It’s seal pup season in Maine.

Harbor Seals give birth to single pups around the Boothbay Region in May and June. The young stick close to their mothers for about a month, at which point they are on their own. Within 2-3 days of their birth, pups can already dive, holding their breath for up to 2 minutes. They grow quickly thanks to their mothers’ rich fatty milk.

Independence—an important part of survival—comes quickly to Harbor Seal pups.

When mother seals hunt they often leave their young behind, at times for an hour or more. It is not unusual for passersby to assume an unattended pup is in trouble—the animal appears far too vulnerable and helpless to actually be okay.

“If you encounter a lone resting harbor seal pup,” warns the Marine Mammals of Maine website (a non-profit that assists with marine life strandings), “it is very important to first remain a safe distance away and keep the area as quiet as possible to give the pup the best chance of reuniting with its mother.”

In such situations, onlookers are counseled to presume wellness—to trust the natural order of things is unfolding as intended.

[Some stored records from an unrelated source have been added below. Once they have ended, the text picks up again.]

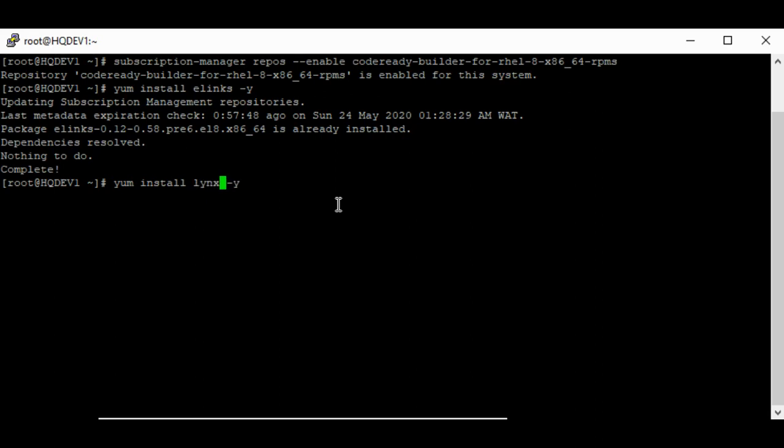And your links will be installed. Thank you for watching, bye for now, and please subscribe to this channel.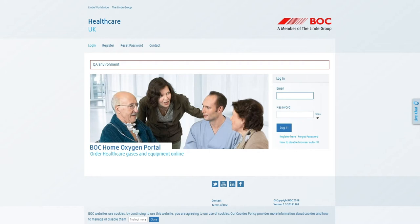The Home Oxygen Portal allows you to submit Home Oxygen Order forms electronically through an interactive online form that can be completed anywhere and at any time.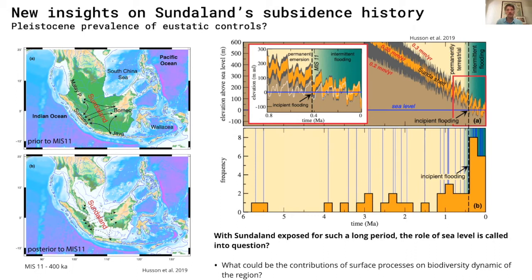If we consider that Sundaland was actually exposed for such a long period of time, with intermittent flooding only occurring during the last 400,000 years, the role of sea level is called into question. This suggests that additional factors are likely triggering the distribution of Sundaland biogeography, and here we are going to evaluate if surface processes could be one of these drivers.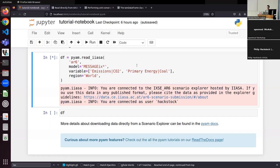Regarding credentials: for public databases like AR6, you don't need special credentials — anybody can access them without creating a user account. If you are part of a model comparison study and there are internal instances, then you would have credentials to log in.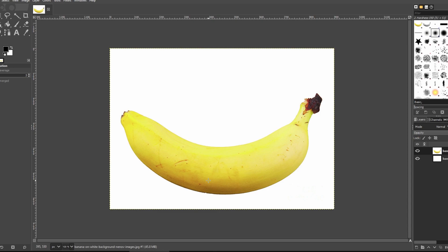First, what you need to do, make sure to select the Fuzzy Select tool, located here.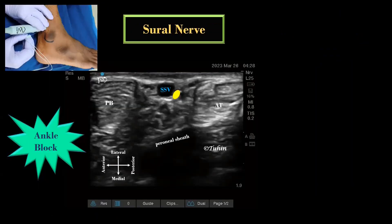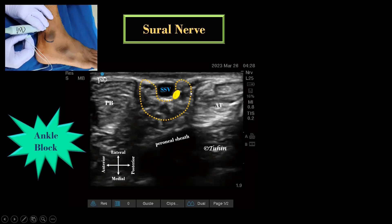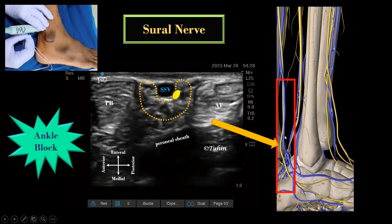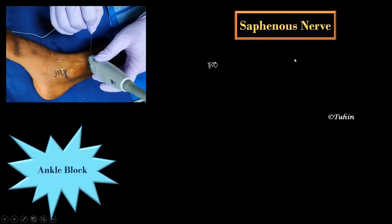For sural nerve block, the transducer is placed across the space between the posterior border of the lateral malleolus and the Achilles tendon. The sural nerve lies next to the small saphenous vein and superficial to the deep fascia, appearing as a hyperechoic oval structure adjacent to the lesser saphenous vein. If not clearly visible, scan proximally and distally. Anatomically, it lies anterolateral or posteromedial to the small saphenous vein depending on the level of scanning.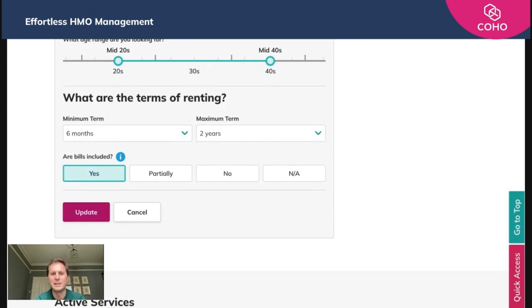By doing that, that will save all of those details linked to that property. Again, really straightforward.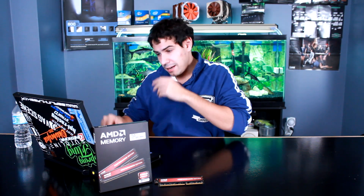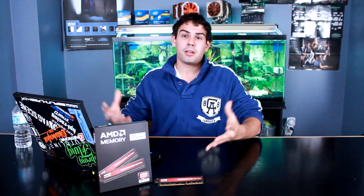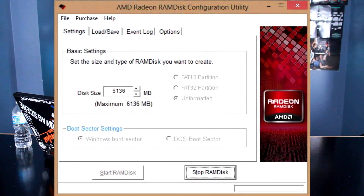We tested it a few different ways — I copied a bunch of files back and forth, ran a few games off of it, and ran CrystalDiskMark. Other cool things about this AMD RAM disk software: it's super easy to set up. You can format it in any format you want — NTFS, FAT32 — or set it up unformatted so you can format it to whatever you want.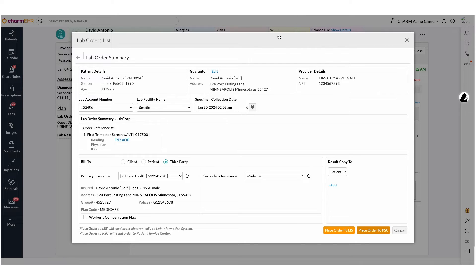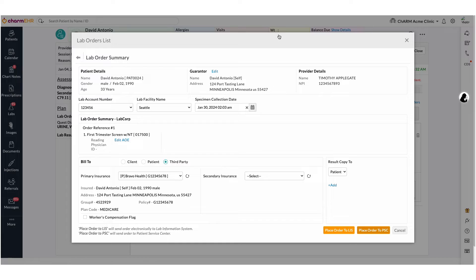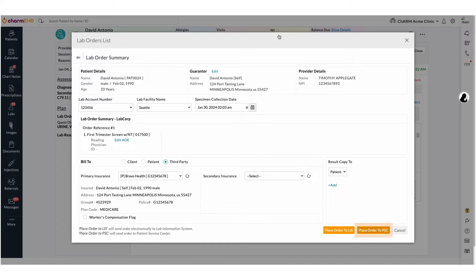Please note, lab orders can be electronically sent to the Patient Service Center or Lab Information System based on your requirement. If you are not collecting the specimens in-house, you can place the order to PSC. In this case, you could choose the bill type as patient.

If there’s any doubt, that same website suggests reporting the problem to the Maine Marine Animal Reporting Hotline at (800) 532-9551 rather than approaching the seal.

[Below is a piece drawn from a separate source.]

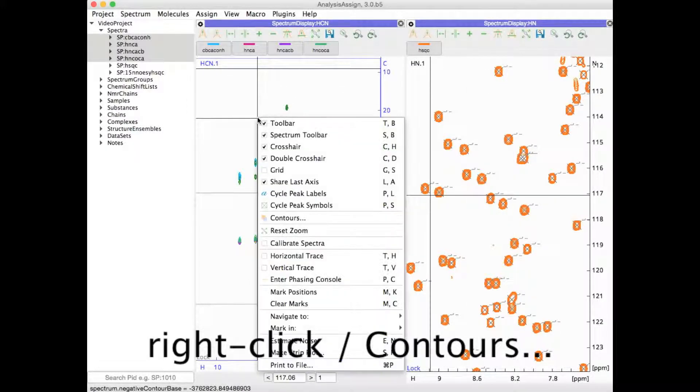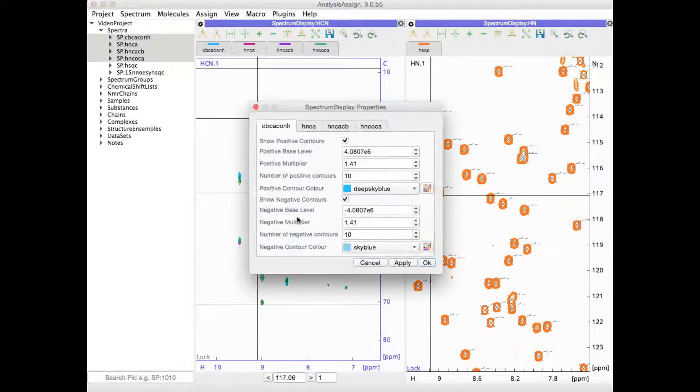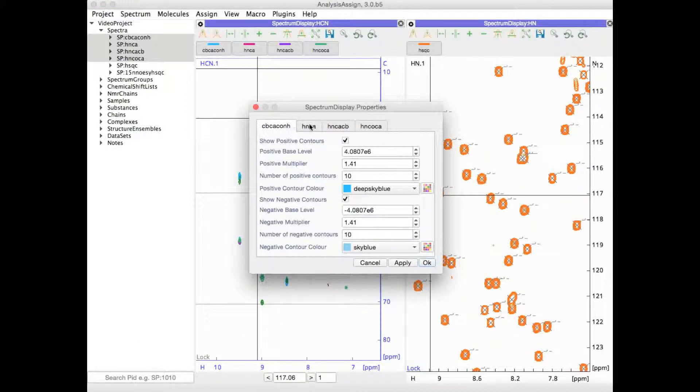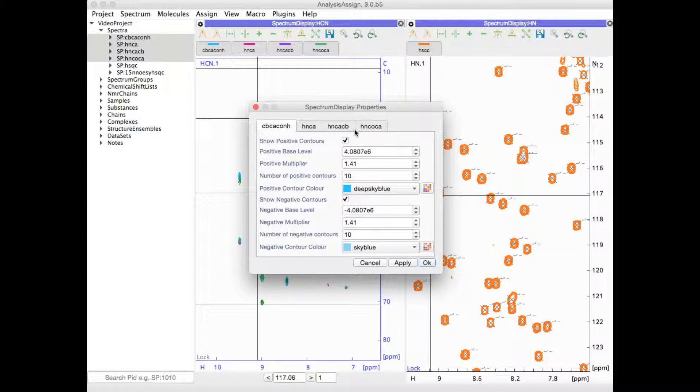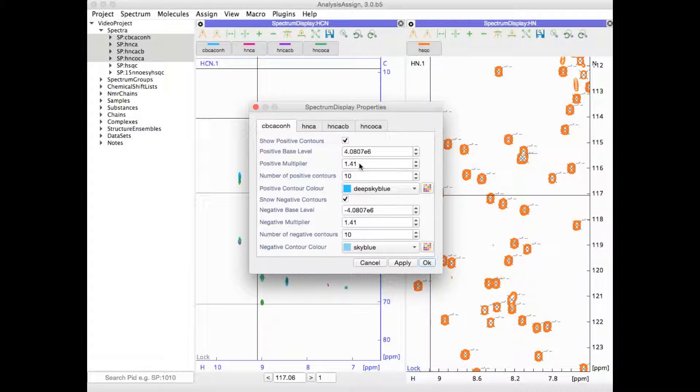You can also right click and go to Contours. For each spectrum that's visible in that display separately, you can set the contour base level, the multiplier which essentially determines how close together the contour lines are drawn, the number of contours and the color.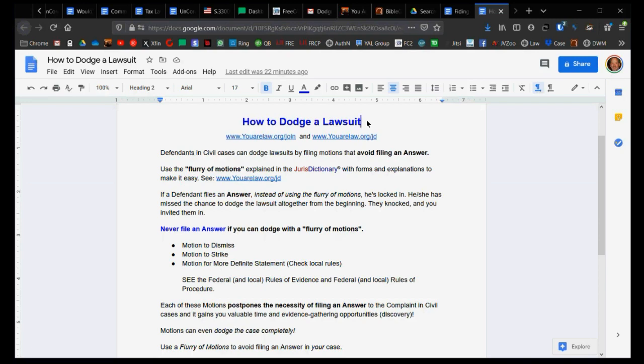So each of these motions postpones the necessity of filing an answer and it will do as an answer. It is a response. They'll say you must file an answer within 30 days. Well, a motion is actually a form of an answer without answering. It's the form of an answer challenging the case and the jurisdiction.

But the general guidance is clear: best to leave them be.

Not always, though.

A few years back a seal appeared at the Southport Island dock in obvious distress, gill net wrapped around his neck and back flipper.

After a series of phone calls,  a volunteer from Marine Mammals of Maine arrived. Ignoring the hissing of the distressed seal, he and others loaded the injured animal into a travel crate. The seal was transported to a clinic in Mystic, Connecticut, where he was nursed back to health. Without intervention, he would have died.

(This anecdote from a March 30, 2016, article in the Boothbay Register.)


In the Boothbay Region, nearly one-third of the population is 65 years old or older; a great many are retirees, many of whom live alone in stolid self-sufficiency. This year, 30 young people are graduating from the Boothbay Regional High School—most now legally adults, poised for increased autonomy. As for the rest of us on the peninsula, we too are a people who thrive on our own; a spirited independence integral to our nature—it is who we are.

Best to leave us be. And yet …

Between COVID-19 and our hurting economy, today feels different. Nobody knows what may befall any of us, and the line between allowing autonomy and lending a hand is harder to navigate.

The Southport seal story offers an allegory we may apply to our current situation:

With seal pups and our neighbors alike, best to leave them be—but not without a watchful eye, for lives may depend upon it.